How does the pandemic flu virus spread in the workplace?
Workers can get the pandemic flu virus by breathing in small particles (very small pieces of matter) that contain the virus. These particles are spread through the air when a person who has the virus coughs, sneezes, or talks. Workers can breathe these particles into their lungs and become infected with the virus.
What are “particulate respirators”?
Workers can wear respirators to make sure they do not breathe in these particles and become infected with the virus. The type of respirator workers need to wear is called a particulate respirator. Surgical masks (like the ones that doctors wear to prevent their saliva from getting on the patient) do not protect workers. Employers must follow all of the rules in OSHA’s Respiratory Protection Standard 1910.134 before giving workers a respirator.

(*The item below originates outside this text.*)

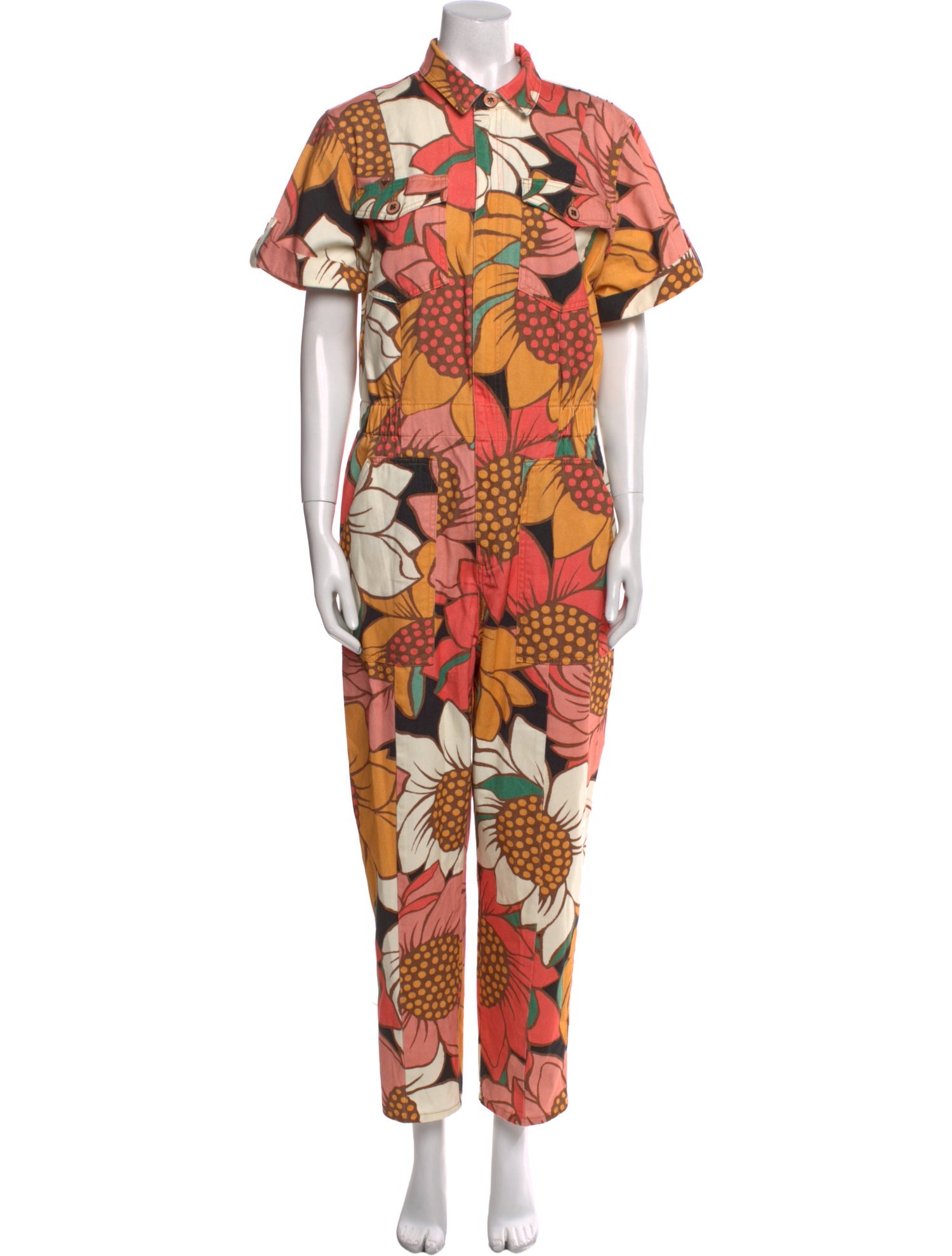 Farm Rio Floral Print Jumpsuit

How do particulate respirators work?
A particulate respirator protects workers by filtering out particles that are in the air. These particles may contain the flu virus. Respirators must seal tightly around the nose, mouth and face in order for them to work properly. This way, when a worker breathes, the air is pulled through the filters before it goes into the worker’s lungs.

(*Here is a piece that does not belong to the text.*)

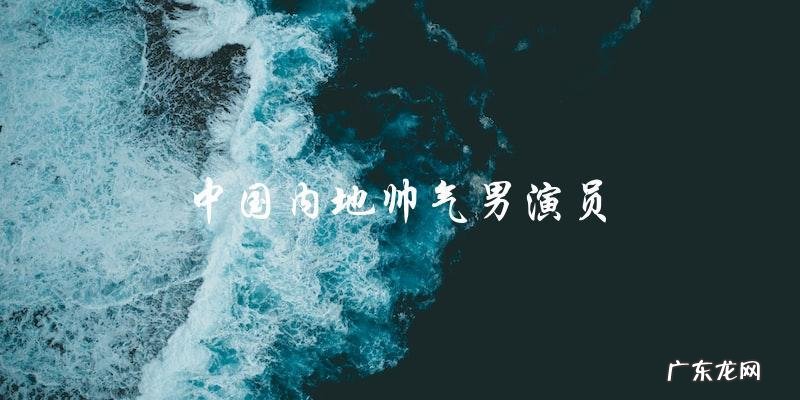 中国内地帅气男演员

Can any respirator be used in the workplace?
The National Institute for Occupational Safety and Health (NIOSH) is a federal government agency. NIOSH is responsible for testing and certifying all respirators used in workplaces in the United States. Under OSHA’s respirator standard, only NIOSH certified respirators can be worn by workers.
Surgical masks are not respirators. A surgical mask does not give workers any protection from breathing in particles. These masks do not have a tight seal around the nose, mouth and face. Particles that contain the flu virus can easily get through the gaps between the mask and face and enter the lungs. Also, the material used in surgical masks is not made to filter small particles. Surgical masks are not certified by NIOSH as respirators. OSHA does not allow them to be used in the workplace to protect workers from breathing in chemicals or particles. Surgical masks must never be used to prevent workers from breathing in swine flu virus particles!
Are there different types of particulate respirators?
Three types of particulate respirators will work to protect workers from breathing in the flu virus:
· Disposable filtering facepieces: These respirators can be used once and then they must be thrown away.
· Reuseable elastomeric respirators: These respirators can be used again after cleaning, disinfecting and replacing the used filters.
· Powered air purifying respirators (PAPRs). These respirators run off of a battery that pulls the contaminated air through the filter. They can be used again after cleaning, disinfecting and replacing used filters.
Each of these particulate filtering respirators is rated by their ability to filter out small particles: 95%, 99%, and 100%.
Does OSHA have any guidelines for choosing a particulate respirator to protect workers from the flu virus?
OSHA has the following recommendations for choosing a particulate respirator:
Choose N95 or higher-rated filter respirators for “high-risk” workers* like health care workers and workers who respond to emergencies.
Wear a powered air purifying respirator (PAPR) if health care workers have to insert an instrument into the patient’s airway (for example, to do a bronchoscopy or intubation).
If workers have a lot of contact with people on the job (like schools, crowded workplaces, and busy stores) use of a respirator is recommended. This is especially important if there is close contact with people who might have swine flu.
The Teamsters recommend using a more protective particulate respirator for high risk workers (like health care workers and emergency responders). The recommended respirator is a P100 respirator with an elastomeric (rubber-like) facepiece seal or a PAPR with filters that have a high rating for filtering out small particles.